Comedian Robin Ince explores the laws that govern our lives that really aren’t, but still somehow are true. The hidden truths which nonetheless preside over our lives. We all know how we live in a deterministic universe governed by carefully described quantifiable scientific laws and principles but, then in a practical sense, we really don’t.
These laws are the hidden truths which really preside over our lives – quirky, useful or entertaining rules, which, if they are well known, crop up without explanation or, if confined to specialist circles, deserve to be more widely understood and appreciated.
Presenter: Robin Ince Producer: Alex Mansfield-Sella
Episode 1 of 5 Murphy’s Law
From Murphy’s Law (anything that might go wrong does so), to Betteridge’s Law ( any headline that ends in a question mark can be answered by the word “no”) via Parkinson’s fundamental law of bureaucracy ( work expands to fill the time available) and the Peter Principle (employees rise to their own level of incompetence).
Robin Ince examines five laws that aren’t laws in the legal sense, or in the physical sense but asks how did these so called “laws” evolve, why do we like them and what scientific evidence is there that they really work?
Episode 2 of 5 Parkinson’s Law
Cyril Northcote Parkinson may have trained as a naval historian, but it was his succinct humorous essay for the Economist magazine in 1955 that was to overshadow much of his career. In it, he laid out his fundamental law of bureaucracy – “work expands to fill the time available” – and he went on to explain how organisations become bloated regardless of the work in hand.

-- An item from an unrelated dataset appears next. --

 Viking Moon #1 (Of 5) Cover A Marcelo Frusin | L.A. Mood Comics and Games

It was instantly recognised by subordinates and made for uncomfortable reading for those near the top of any institutional hierarchy. Robin Ince explores how the law and its corollaries have taken on a life of their own and are now being reinterpreted as remote working becomes the new normal for many.

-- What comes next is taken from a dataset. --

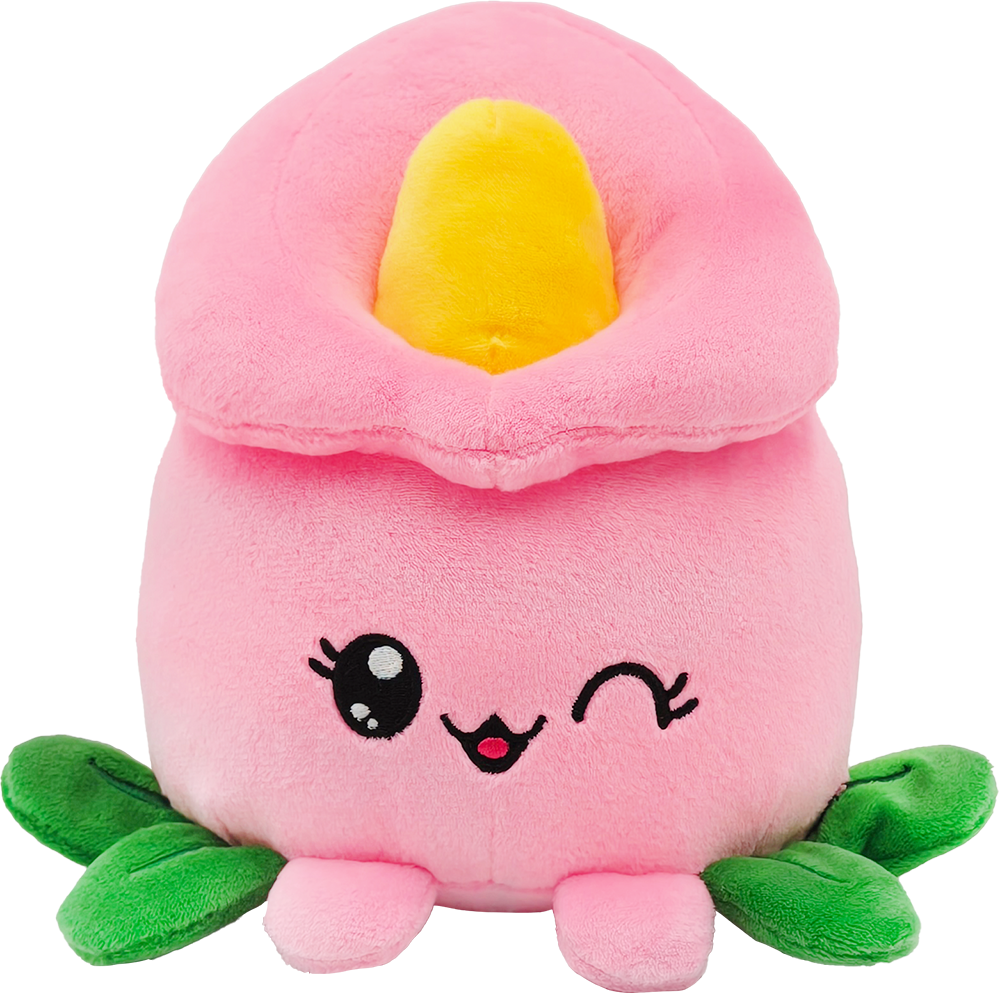 PLUSH WORLD - Yummis Flowers Calla - Plush 18cm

Episode 3 of 5 Betteridge’s Law of Headlines
If a newspaper headline ends in a question mark, is the answer always no? And if so, are journalists who use them being lazy and cynical?
Ian Betteridge described what is now known as Betteridge’s Law of Headlines in a small blog post in 2009. Is it still relevant in our current age of clickbait and media bubbles?
Robin Ince puts these questions to Caroline Frost, an ethicist, entertainment journalist and broadcaster, often seen reviewing the papers on a Sunday night on the BBC News Channel, and to Gemma Milne, a tech journalist and author of a book about the dangers of hype in science journalism called “Smoke and Mirrors”.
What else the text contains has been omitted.